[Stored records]
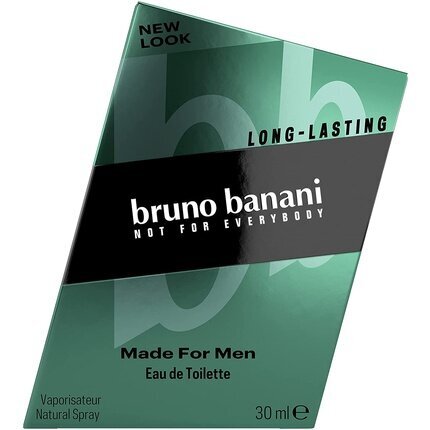 Tualetinis vanduo Bruno Banani Made for Men EDT vyrams 30 ml цена и информация | Kvepalai vyrams | pigu.lt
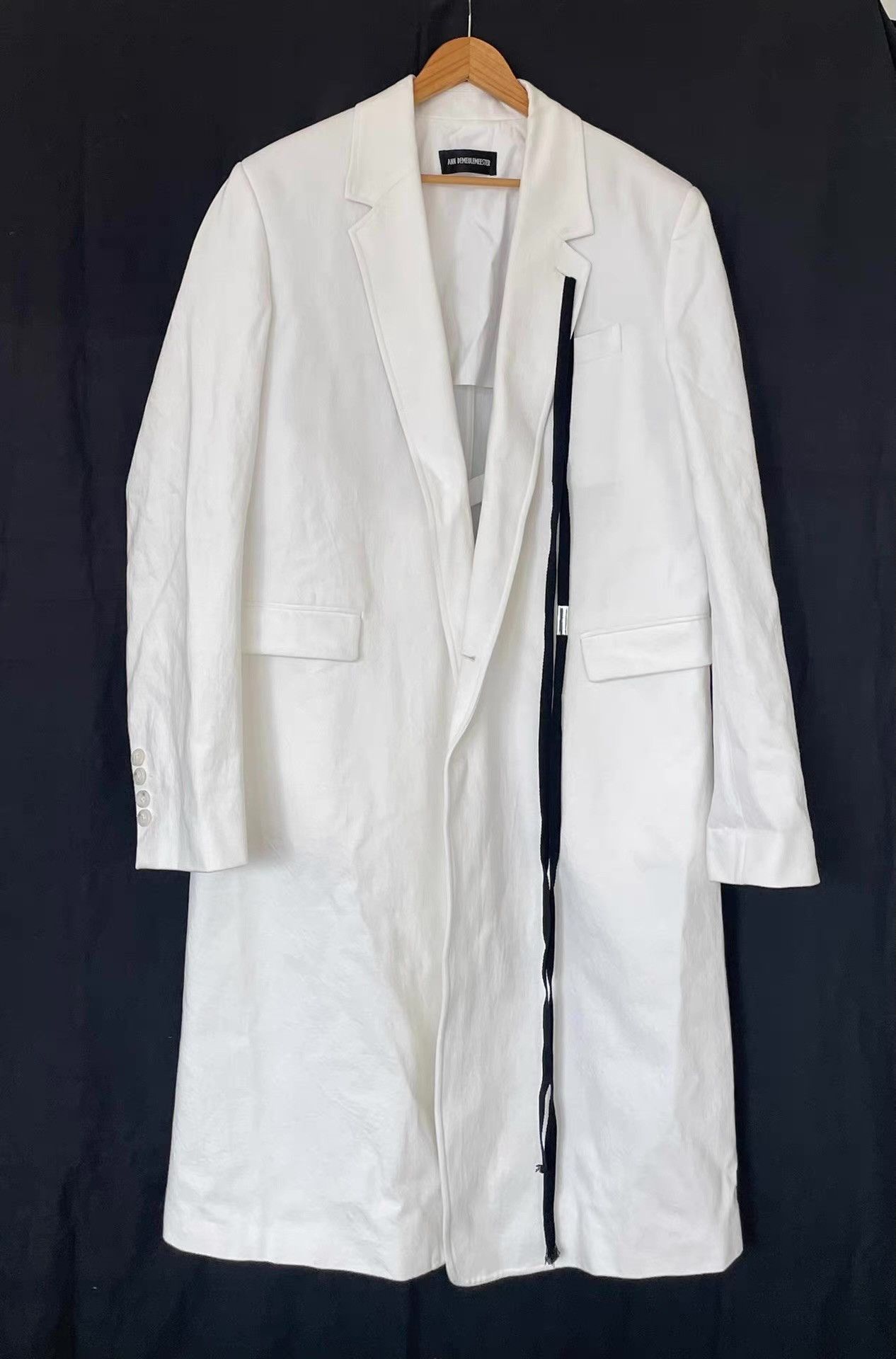 Ann Demeulemeester Ann Demeulemeester White Denim Ribbon Coat Ｑ21 Size US S / EU 44-46 / 1 - 1 Thumbnail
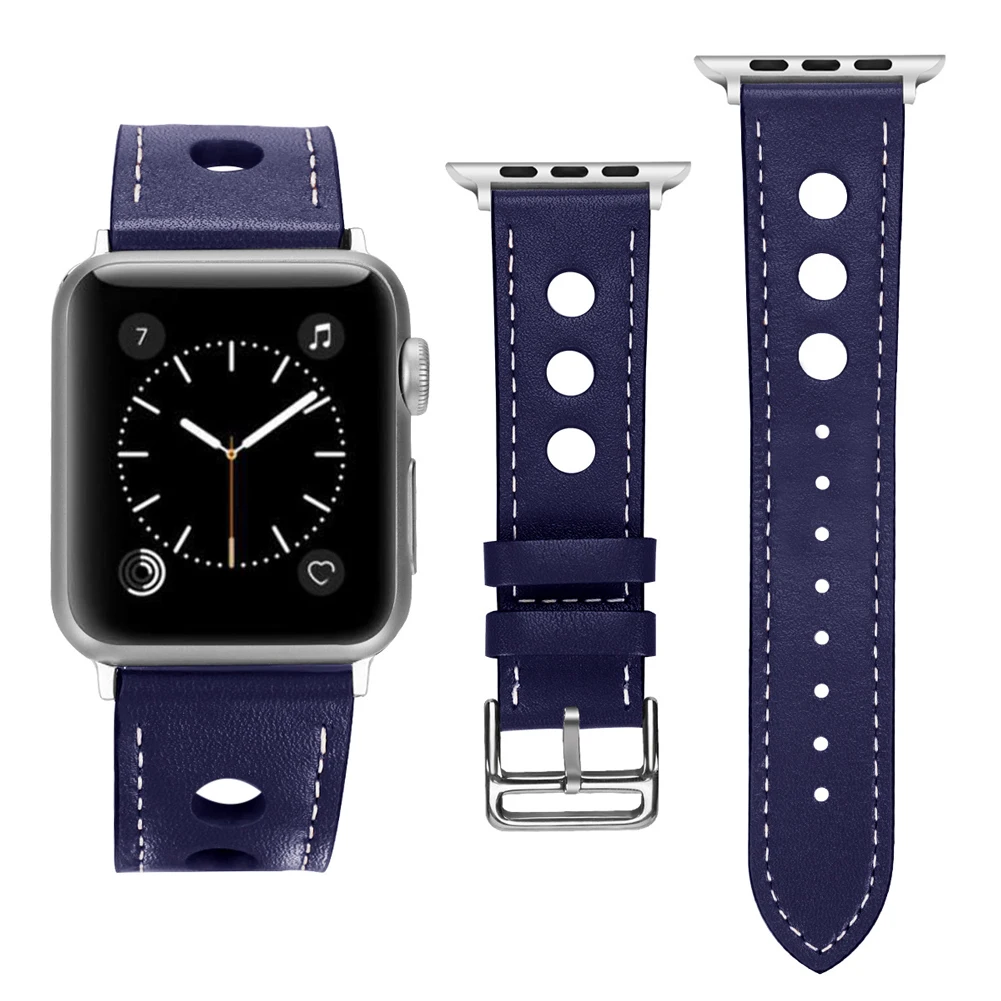 Наручные кожаные ремешки для Apple Watch 38 мм 42 модные iwatch высокое качество пряжкой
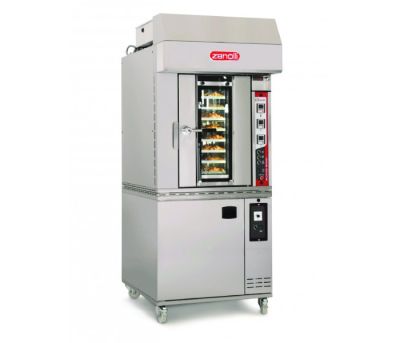 Zanolli Rotor Wind 1E Rotating Convection Oven with inbuilt Prover - 8 Trays (400 x 600) Capacity 5RW0100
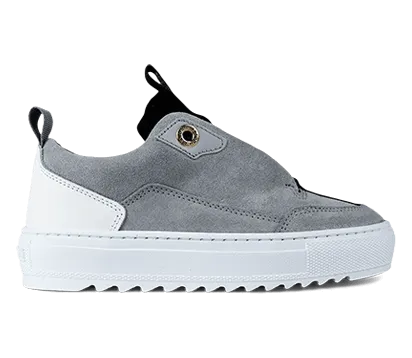 Mason Garments Milano Next Gen Suede Cement Grau (B-FW20-4B)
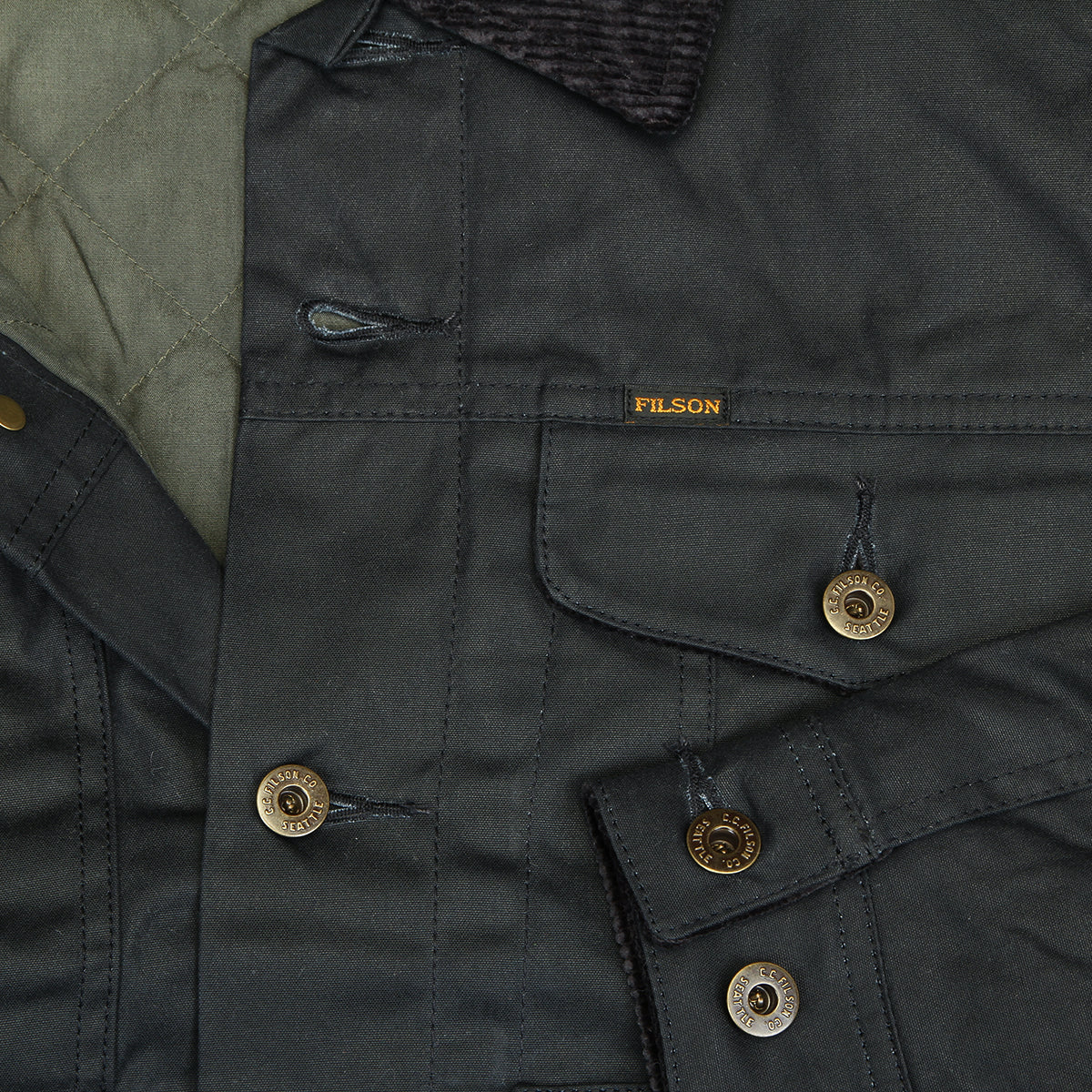 Filson - Insulated Short Cruiser Jacket
Style # F1420299336
Color : Harbor Blue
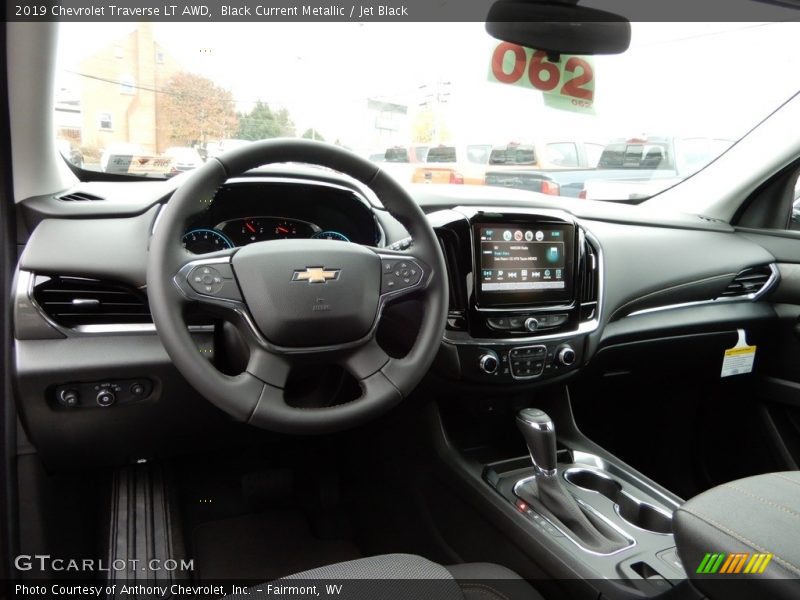 Black Current Metallic / Jet Black 2019 Chevrolet Traverse LT AWD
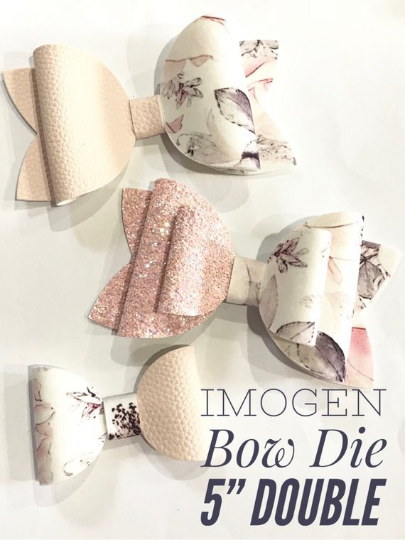 Matrice de découpe en acier Imogen Bow 5" pour Sizzix Big Shot - Demi-coupes d'arc XXL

■ TASK: In your copy, include no pictures, but reproduce all records exactly.

■ WORKED SOLUTION:
 Tualetinis vanduo Bruno Banani Made for Men EDT vyrams 30 ml цена и информация | Kvepalai vyrams | pigu.lt
 Ann Demeulemeester Ann Demeulemeester White Denim Ribbon Coat Ｑ21 Size US S / EU 44-46 / 1 - 1 Thumbnail
 Наручные кожаные ремешки для Apple Watch 38 мм 42 модные iwatch высокое качество пряжкой
 Zanolli Rotor Wind 1E Rotating Convection Oven with inbuilt Prover - 8 Trays (400 x 600) Capacity 5RW0100
 Mason Garments Milano Next Gen Suede Cement Grau (B-FW20-4B)
 Filson - Insulated Short Cruiser Jacket
Style # F1420299336
Color : Harbor Blue
 Black Current Metallic / Jet Black 2019 Chevrolet Traverse LT AWD
 Matrice de découpe en acier Imogen Bow 5" pour Sizzix Big Shot - Demi-coupes d'arc XXL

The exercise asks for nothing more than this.